October Horrorshow: Bug (1975)

This isn’t the original trailer, but this is the video that made me want to see this movie.

This movie had such shitty promise. For one thing, it was produced by William Castle, whose lasting contribution to film history was a series of horror flicks with gimmicky contraptions placed in theaters to enhance the experience for viewers. Much of the silliness of something like House on Haunted Hill doesn’t translate into a restrained living room viewing, but it’s still a well-regarded b-horror flick nonetheless. Bug is the last film in Castle’s filmography, and while it had the potential to be a spectacle of shitty proportions, it falls short.

In lovely Riverside, California, an earthquake rattles the community. Sunday churchgoers are thrown about as their house of worship shakes and falls apart around them. This scene happens early in the movie, and is one of the reasons I had so much hope for what I was about to see. Director Jeannot Szwarc, who would later go on to helm such films as Jaws 2 and Santa Clause: The Movie (I will always associate the color puce with that disaster), pulled out all the stops. The set literally shakes itself to pieces. The f/x crew set up some sort of device under the floorboards that created a wave, meant to simulate what happens during a real earthquake, but it moves through the church at a crawl.

As the shaking continues, plaster falls off the walls, but rather than lathing or studs, the destruction reveals plywood hiding behind the plaster. There were lots of things that betrayed this scene was filmed on a cheap set, sure, but I half expected one of the walls to come down to reveal a crewmember grabbing a donut and a cup of coffee from the craft service table.

The earthquake was not just some throwaway event in this film, however. The temblor opened a crack in the earth, releasing a species of cockroach from the depths that has the unique ability to cause explosions and fire. How they do so is unimportant, but I will say that of all the shitty creature features I’ve seen, Bug has a more plausible scientific explanation for how the mutation works than most flicks.

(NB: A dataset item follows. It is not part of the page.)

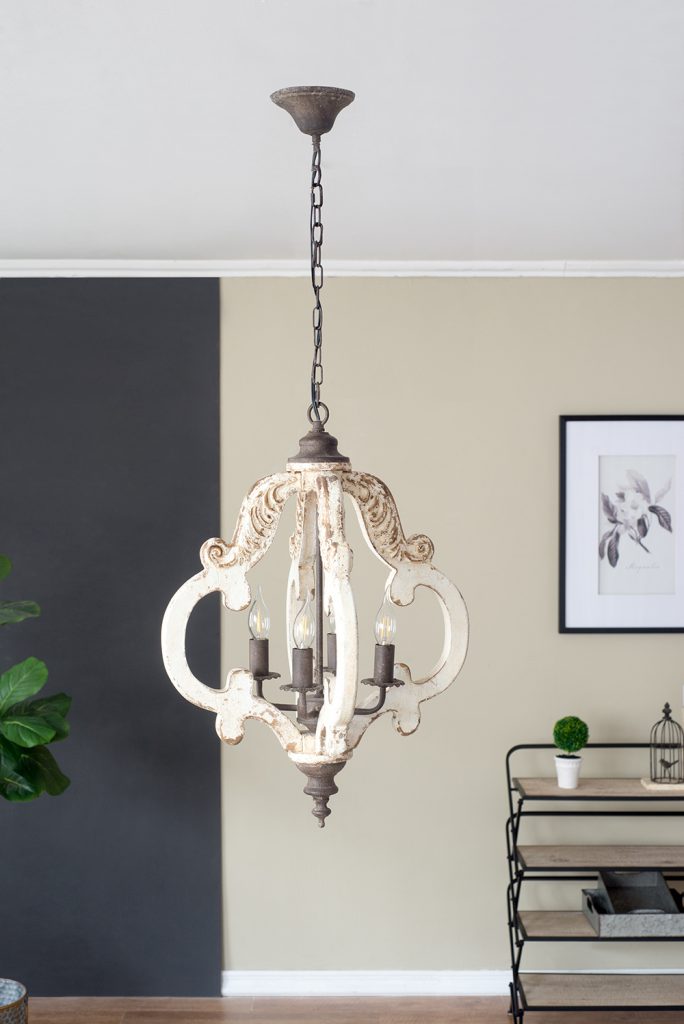 A&B Home Bundle of 7 20" x 27" Off-White and Bronze Chandelier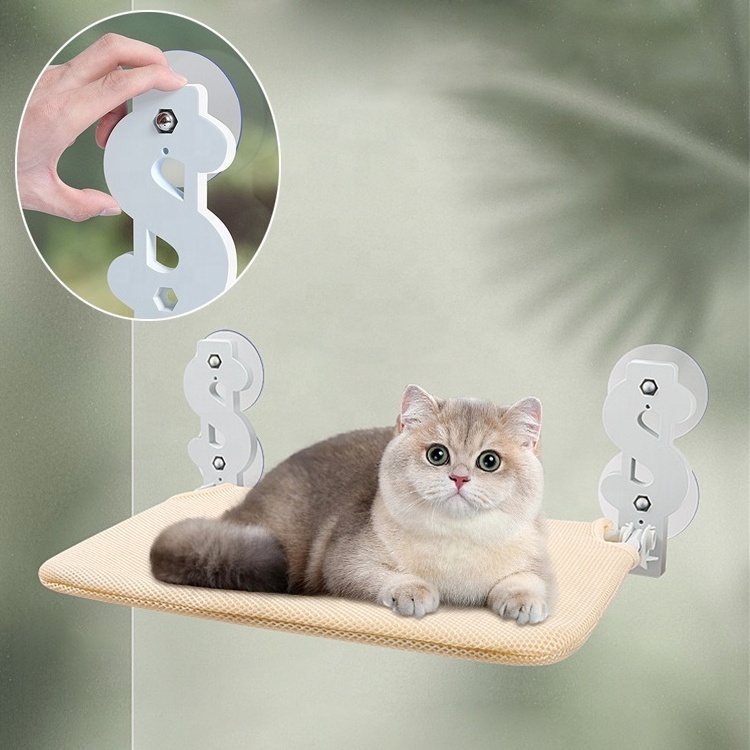 PVC Canvas Pet Seat Window Mounted Bed Cat Hammock With 4 Strong Suction Cupscat Hammock Cat Wall Shelves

All of us on the real life side of the screen know how the rest of this movie should play out. The insects should spread out in a wave, collecting victims as they spread. There should be a scientist studying the problem, a skeptical mayor or county sheriff, followed by scenes of destruction as the bugs finally reach the center of town after burning down some lonely farms or ranches. This idea was teased, but Bug decided to head in a different direction.

There is a scientist, Professor James Parmiter (Bradford Dillman), but there are no waves of insects that must be battled. The bugs of this film insist on behaving like bugs. They occasionally cause some death and destruction here and there, but they are more pest than apocalyptic menace. After the bugs burn down the good professor’s home and kill his wife (Joanna Miles, in the type of death scene that almost rescues the film — bonus fact, it was filmed in the living room set used for The Brady Bunch, which had just been canceled), the professor becomes a bit of a shut-in, dedicating all his time to studying the bugs and trying to get them to breed. Why he wants them to breed is anyone’s guess. It seems that in his grief he forgot there was a movie outside his door that was just begging for things to happen. But, it was not to be.

The eco-disaster flick audiences expected and deserved is instead replaced midstream with a study in the decaying psychology of a grieving etymologist. As if this weren’t enough, the professor succeeds in breeding the bugs, creating a hybrid species that develops collective intelligence! What a disjointed mess. Castle and company really misread what this film should have been. All the psychological drama is misplaced in a film with that setup. It’s fine that they tried to do something different, but different doesn’t work when the true aim is making a quick buck. I wanted to see cockroaches blow up a California town and threaten civilization, à la Kingdom of the Spiders or Them! Instead we get the lowest rent Dr. Frankenstein I’ve seen in a movie in a long time. Alien: Resurrection is a better bug film than Bug.